Puluhan orang PMI ilegal itu rencananya akan diberangkatkan melalui "jalur tikus" di wilayah perbatasan ke Malaysia.

"Total 29 orang berhasil diamankan dalam operasi tersebut, bersama dengan 3 orang terduga otak pelaku yang berperan sebagai pengatur dan penyedia tempat penampungan," kata Kapolres Dumai, AKBP Angga Herlambang dikutip dari Antara.

Angga mengatakan pengungkapan ini bermula dari laporan masyarakat yang mencurigai adanya pergerakan kendaraan pengangkut PMI ilegal pada Jumat (24/4/2026) dini hari.

Petugas Polsek Sungai Sembilan awalnya menghentikan satu unit mobil dalam kendaraan yang sempit dengan sembilan orang calon PMI ilegal yang tengah dibawa oleh seorang sopir.

Dari interogasi singkat di lapangan, sang sopir mengaku bahwa dirinya hanya bertugas sebagai pengantar menuju sebuah lokasi penampungan rahasia di kawasan Batu Teritip.

Tim kepolisian langsung melakukan pengembangan dan menggerebek lokasi penampungan yang dimaksud.

Di sana, petugas menemukan pemandangan yang memprihatinkan, di mana belasan calon PMI lainnya tengah menunggu kepastian keberangkatan.

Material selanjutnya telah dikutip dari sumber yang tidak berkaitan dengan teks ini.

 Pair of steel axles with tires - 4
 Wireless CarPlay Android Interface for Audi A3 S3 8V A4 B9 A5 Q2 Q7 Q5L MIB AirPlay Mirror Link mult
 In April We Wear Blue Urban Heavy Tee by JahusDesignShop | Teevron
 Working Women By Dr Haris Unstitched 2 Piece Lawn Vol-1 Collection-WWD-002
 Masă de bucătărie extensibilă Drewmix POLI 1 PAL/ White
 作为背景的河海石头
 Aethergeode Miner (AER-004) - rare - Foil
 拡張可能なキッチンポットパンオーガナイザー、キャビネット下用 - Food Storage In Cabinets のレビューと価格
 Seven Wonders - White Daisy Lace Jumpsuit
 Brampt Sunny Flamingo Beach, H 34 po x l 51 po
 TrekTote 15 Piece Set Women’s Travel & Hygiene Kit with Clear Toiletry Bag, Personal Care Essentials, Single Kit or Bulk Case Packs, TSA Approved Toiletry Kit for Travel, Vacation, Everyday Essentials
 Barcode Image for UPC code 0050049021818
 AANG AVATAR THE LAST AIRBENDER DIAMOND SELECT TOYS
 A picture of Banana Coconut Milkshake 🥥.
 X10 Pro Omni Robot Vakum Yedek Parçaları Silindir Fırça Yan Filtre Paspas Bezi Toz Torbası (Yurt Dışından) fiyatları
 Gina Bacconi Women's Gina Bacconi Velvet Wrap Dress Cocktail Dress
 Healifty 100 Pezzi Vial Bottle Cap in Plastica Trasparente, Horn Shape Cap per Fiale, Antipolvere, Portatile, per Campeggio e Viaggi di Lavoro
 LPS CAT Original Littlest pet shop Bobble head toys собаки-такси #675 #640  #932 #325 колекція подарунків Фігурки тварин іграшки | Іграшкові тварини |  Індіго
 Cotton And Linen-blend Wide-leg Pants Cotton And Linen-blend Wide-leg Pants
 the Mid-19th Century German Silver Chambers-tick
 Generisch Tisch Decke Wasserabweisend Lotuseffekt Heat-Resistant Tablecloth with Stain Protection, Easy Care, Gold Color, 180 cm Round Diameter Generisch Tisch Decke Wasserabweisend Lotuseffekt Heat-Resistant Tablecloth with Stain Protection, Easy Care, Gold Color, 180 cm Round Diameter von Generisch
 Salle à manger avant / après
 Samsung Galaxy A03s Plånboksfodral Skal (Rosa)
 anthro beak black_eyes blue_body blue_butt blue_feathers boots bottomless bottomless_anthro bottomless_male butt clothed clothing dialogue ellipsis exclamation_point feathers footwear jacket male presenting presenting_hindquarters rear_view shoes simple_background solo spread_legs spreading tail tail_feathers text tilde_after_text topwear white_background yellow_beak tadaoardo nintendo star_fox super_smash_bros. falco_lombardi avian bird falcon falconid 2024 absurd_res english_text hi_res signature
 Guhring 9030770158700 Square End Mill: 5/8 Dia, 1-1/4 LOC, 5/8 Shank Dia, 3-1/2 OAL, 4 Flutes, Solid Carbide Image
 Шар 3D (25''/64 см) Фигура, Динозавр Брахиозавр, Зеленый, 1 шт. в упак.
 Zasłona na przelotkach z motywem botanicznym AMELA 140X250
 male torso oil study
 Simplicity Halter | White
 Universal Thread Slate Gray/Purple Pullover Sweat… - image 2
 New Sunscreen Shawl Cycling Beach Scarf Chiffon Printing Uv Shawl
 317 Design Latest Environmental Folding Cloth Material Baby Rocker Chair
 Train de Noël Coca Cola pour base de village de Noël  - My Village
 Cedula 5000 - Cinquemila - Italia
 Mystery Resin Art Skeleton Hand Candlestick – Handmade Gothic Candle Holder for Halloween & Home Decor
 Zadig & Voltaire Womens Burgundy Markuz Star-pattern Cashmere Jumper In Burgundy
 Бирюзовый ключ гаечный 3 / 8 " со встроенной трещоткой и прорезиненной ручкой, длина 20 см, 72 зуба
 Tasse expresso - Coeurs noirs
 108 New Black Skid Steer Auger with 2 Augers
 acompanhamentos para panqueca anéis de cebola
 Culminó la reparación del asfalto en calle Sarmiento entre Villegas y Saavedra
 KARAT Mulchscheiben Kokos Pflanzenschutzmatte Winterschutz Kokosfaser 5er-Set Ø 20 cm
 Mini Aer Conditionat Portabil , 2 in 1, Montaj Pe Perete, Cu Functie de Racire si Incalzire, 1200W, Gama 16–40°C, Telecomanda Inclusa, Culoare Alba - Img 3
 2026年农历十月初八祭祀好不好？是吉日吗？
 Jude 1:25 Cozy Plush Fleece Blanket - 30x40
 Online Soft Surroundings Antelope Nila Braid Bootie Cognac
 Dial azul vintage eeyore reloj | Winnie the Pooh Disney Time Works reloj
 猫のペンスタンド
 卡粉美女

Mayoritas korban merupakan warga asal Nusa Tenggara Barat (NTB) yang rela merantau jauh demi mencari nafkah.

Untuk mendapatkan pekerjaan yang dijanjikan tersebut, para korban harus menyetorkan uang berkisar antara Rp12 juta hingga Rp16 juta per orang.

Kapolres mengimbau masyarakat agar tidak mudah tergiur oleh janji manis agen tenaga kerja yang menggunakan jalur tidak resmi.